- _What is expected_
Pictures do not belong in your copy. Repeat all the other data exactly.

────────

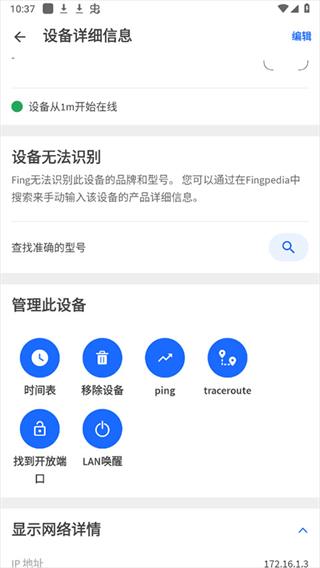 Fing网络扫描仪
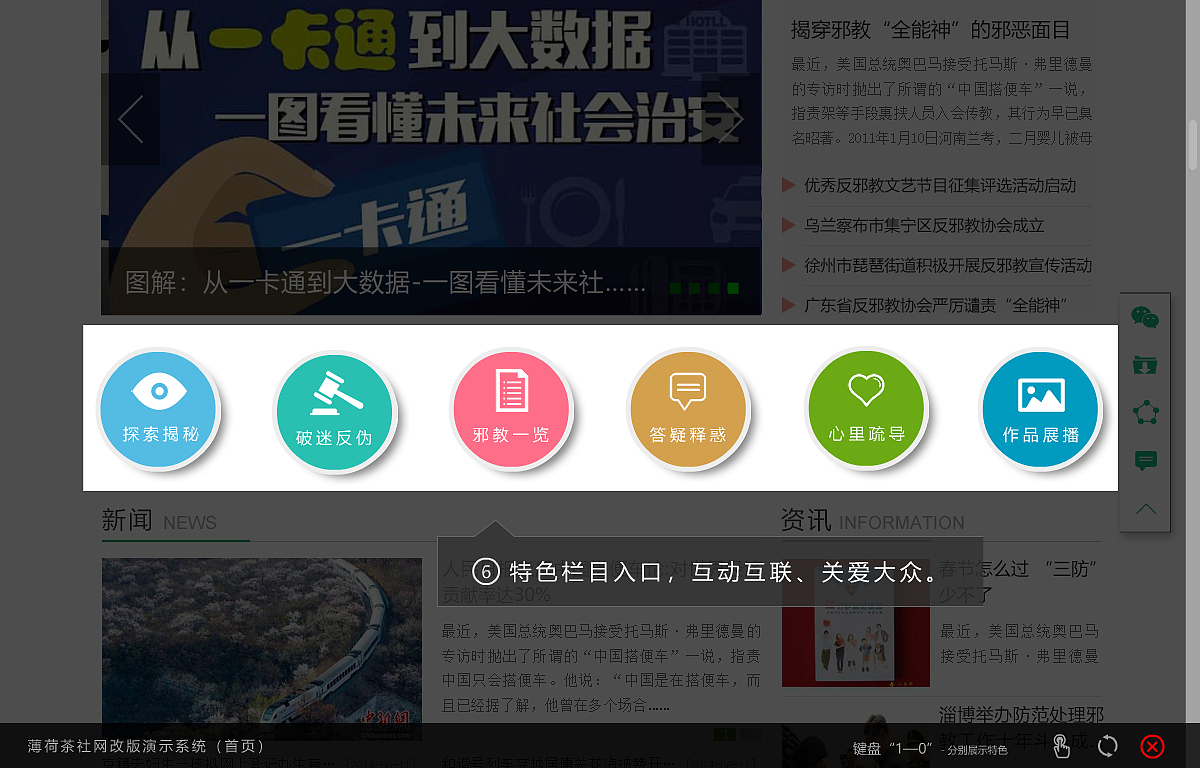 薄荷茶社 网站产品汇报演示系统（图ZMTcxNTU5NzU2） - 其他 - 站酷设计师arttag原创素材 - 站酷ZCOOL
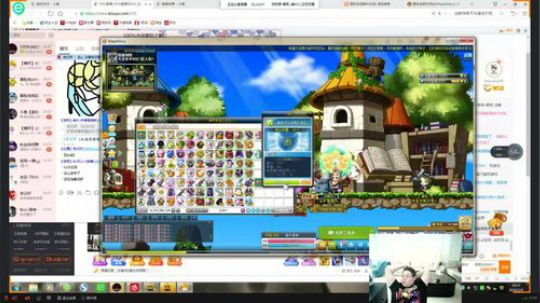 liyunanhj发布了一个斗鱼视频2020-02-09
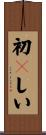 初々しい Scroll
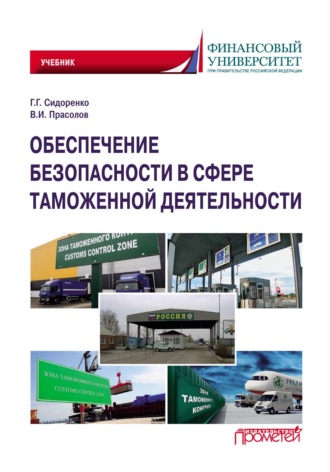 Обложка книги «Обеспечение безопасности в сфере таможенной деятельности»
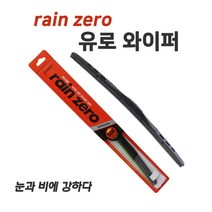 gham_카렉스 레인제로 유로 와이퍼 350mm 와이퍼 프리미엄와이퍼 자동차와이퍼 고성능와이퍼 고급와이퍼+ghvmakxm, 쪼아요팍!!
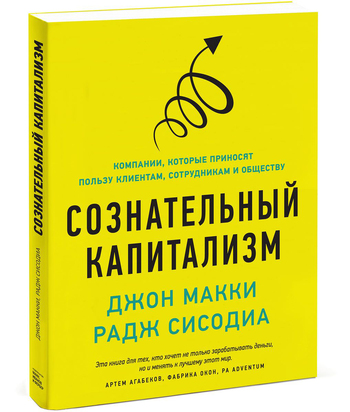 Сознательный капитализм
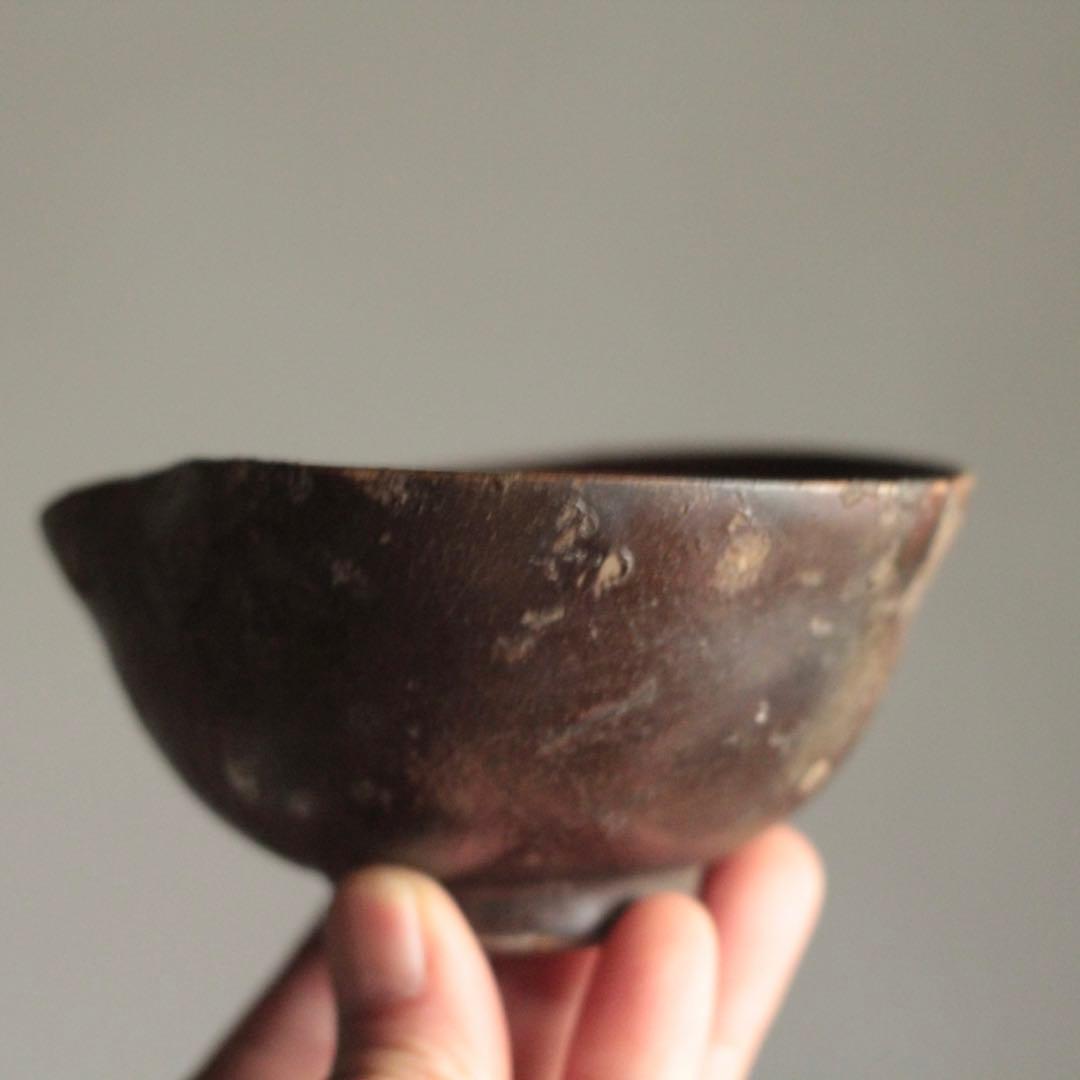 総鉄釉 茶碗 古美術 古道具 アンティーク 茶道具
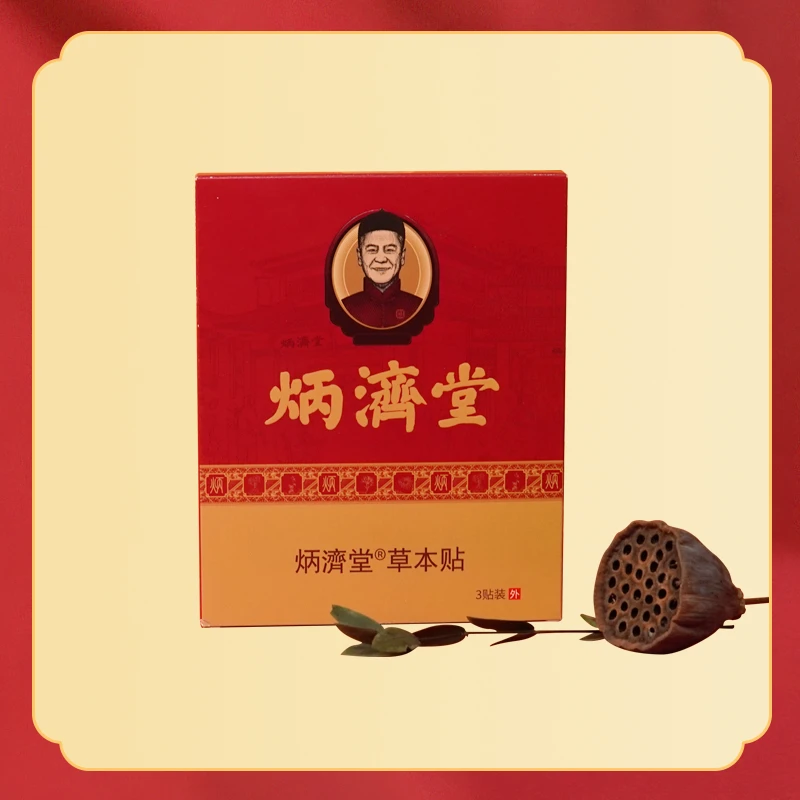 炳济堂防水款骨康贴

────────

- _Task response_
 Fing网络扫描仪
 薄荷茶社 网站产品汇报演示系统（图ZMTcxNTU5NzU2） - 其他 - 站酷设计师arttag原创素材 - 站酷ZCOOL
 liyunanhj发布了一个斗鱼视频2020-02-09
 初々しい Scroll
 Обложка книги «Обеспечение безопасности в сфере таможенной деятельности»
 gham_카렉스 레인제로 유로 와이퍼 350mm 와이퍼 프리미엄와이퍼 자동차와이퍼 고성능와이퍼 고급와이퍼+ghvmakxm, 쪼아요팍!!
 Сознательный капитализм
 総鉄釉 茶碗 古美術 古道具 アンティーク 茶道具
 炳济堂防水款骨康贴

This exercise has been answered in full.